Directions for this task » Write out the data in full, exactly as shown.
++++ Records supplied ++++
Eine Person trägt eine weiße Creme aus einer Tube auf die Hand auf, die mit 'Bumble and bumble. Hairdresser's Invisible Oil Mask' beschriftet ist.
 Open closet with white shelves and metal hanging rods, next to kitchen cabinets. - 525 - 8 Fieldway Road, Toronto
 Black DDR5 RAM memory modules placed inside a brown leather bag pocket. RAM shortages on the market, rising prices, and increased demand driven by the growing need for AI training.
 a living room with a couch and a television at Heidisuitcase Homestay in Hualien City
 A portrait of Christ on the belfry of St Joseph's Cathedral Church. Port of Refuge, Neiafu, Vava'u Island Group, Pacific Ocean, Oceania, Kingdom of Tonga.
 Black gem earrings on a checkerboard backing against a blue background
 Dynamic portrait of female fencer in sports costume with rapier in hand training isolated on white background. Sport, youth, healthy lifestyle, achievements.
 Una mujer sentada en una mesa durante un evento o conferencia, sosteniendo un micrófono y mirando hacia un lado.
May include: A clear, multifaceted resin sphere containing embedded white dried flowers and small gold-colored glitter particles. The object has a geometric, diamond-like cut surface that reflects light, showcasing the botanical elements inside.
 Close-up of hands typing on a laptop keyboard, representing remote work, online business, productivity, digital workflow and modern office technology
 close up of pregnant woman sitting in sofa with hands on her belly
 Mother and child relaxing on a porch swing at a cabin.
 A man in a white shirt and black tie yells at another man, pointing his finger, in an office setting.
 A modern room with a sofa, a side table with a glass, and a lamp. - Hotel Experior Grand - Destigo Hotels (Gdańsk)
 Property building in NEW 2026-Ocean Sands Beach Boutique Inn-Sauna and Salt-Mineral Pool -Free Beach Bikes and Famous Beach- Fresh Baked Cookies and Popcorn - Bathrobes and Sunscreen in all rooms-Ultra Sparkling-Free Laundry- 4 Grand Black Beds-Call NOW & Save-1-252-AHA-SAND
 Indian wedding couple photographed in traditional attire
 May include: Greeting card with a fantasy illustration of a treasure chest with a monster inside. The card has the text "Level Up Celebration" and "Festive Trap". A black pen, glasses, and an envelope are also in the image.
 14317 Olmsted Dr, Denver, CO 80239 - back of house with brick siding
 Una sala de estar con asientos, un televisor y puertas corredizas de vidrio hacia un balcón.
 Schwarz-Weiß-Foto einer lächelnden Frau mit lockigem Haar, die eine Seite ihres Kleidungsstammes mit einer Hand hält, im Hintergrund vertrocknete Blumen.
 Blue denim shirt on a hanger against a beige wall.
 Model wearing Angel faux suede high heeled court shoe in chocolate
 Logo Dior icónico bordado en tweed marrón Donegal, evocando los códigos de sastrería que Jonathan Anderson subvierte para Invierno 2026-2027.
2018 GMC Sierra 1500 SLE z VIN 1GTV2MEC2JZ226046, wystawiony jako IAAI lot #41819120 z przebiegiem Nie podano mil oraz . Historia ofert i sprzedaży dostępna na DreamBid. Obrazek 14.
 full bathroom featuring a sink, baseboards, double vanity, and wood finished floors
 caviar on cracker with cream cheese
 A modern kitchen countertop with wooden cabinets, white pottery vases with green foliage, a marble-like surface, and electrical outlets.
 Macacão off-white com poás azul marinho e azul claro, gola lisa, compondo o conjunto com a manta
++++
Result below »
Eine Person trägt eine weiße Creme aus einer Tube auf die Hand auf, die mit 'Bumble and bumble. Hairdresser's Invisible Oil Mask' beschriftet ist.
 Open closet with white shelves and metal hanging rods, next to kitchen cabinets. - 525 - 8 Fieldway Road, Toronto
 Black DDR5 RAM memory modules placed inside a brown leather bag pocket. RAM shortages on the market, rising prices, and increased demand driven by the growing need for AI training.
 a living room with a couch and a television at Heidisuitcase Homestay in Hualien City
 A portrait of Christ on the belfry of St Joseph's Cathedral Church. Port of Refuge, Neiafu, Vava'u Island Group, Pacific Ocean, Oceania, Kingdom of Tonga.
 Black gem earrings on a checkerboard backing against a blue background
 Dynamic portrait of female fencer in sports costume with rapier in hand training isolated on white background. Sport, youth, healthy lifestyle, achievements.
 Una mujer sentada en una mesa durante un evento o conferencia, sosteniendo un micrófono y mirando hacia un lado.
May include: A clear, multifaceted resin sphere containing embedded white dried flowers and small gold-colored glitter particles. The object has a geometric, diamond-like cut surface that reflects light, showcasing the botanical elements inside.
 Close-up of hands typing on a laptop keyboard, representing remote work, online business, productivity, digital workflow and modern office technology
 close up of pregnant woman sitting in sofa with hands on her belly
 Mother and child relaxing on a porch swing at a cabin.
 A man in a white shirt and black tie yells at another man, pointing his finger, in an office setting.
 A modern room with a sofa, a side table with a glass, and a lamp. - Hotel Experior Grand - Destigo Hotels (Gdańsk)
 Property building in NEW 2026-Ocean Sands Beach Boutique Inn-Sauna and Salt-Mineral Pool -Free Beach Bikes and Famous Beach- Fresh Baked Cookies and Popcorn - Bathrobes and Sunscreen in all rooms-Ultra Sparkling-Free Laundry- 4 Grand Black Beds-Call NOW & Save-1-252-AHA-SAND
 Indian wedding couple photographed in traditional attire
 May include: Greeting card with a fantasy illustration of a treasure chest with a monster inside. The card has the text "Level Up Celebration" and "Festive Trap". A black pen, glasses, and an envelope are also in the image.
 14317 Olmsted Dr, Denver, CO 80239 - back of house with brick siding
 Una sala de estar con asientos, un televisor y puertas corredizas de vidrio hacia un balcón.
 Schwarz-Weiß-Foto einer lächelnden Frau mit lockigem Haar, die eine Seite ihres Kleidungsstammes mit einer Hand hält, im Hintergrund vertrocknete Blumen.
 Blue denim shirt on a hanger against a beige wall.
 Model wearing Angel faux suede high heeled court shoe in chocolate
 Logo Dior icónico bordado en tweed marrón Donegal, evocando los códigos de sastrería que Jonathan Anderson subvierte para Invierno 2026-2027.
2018 GMC Sierra 1500 SLE z VIN 1GTV2MEC2JZ226046, wystawiony jako IAAI lot #41819120 z przebiegiem Nie podano mil oraz . Historia ofert i sprzedaży dostępna na DreamBid. Obrazek 14.
 full bathroom featuring a sink, baseboards, double vanity, and wood finished floors
 caviar on cracker with cream cheese
 A modern kitchen countertop with wooden cabinets, white pottery vases with green foliage, a marble-like surface, and electrical outlets.
 Macacão off-white com poás azul marinho e azul claro, gola lisa, compondo o conjunto com a manta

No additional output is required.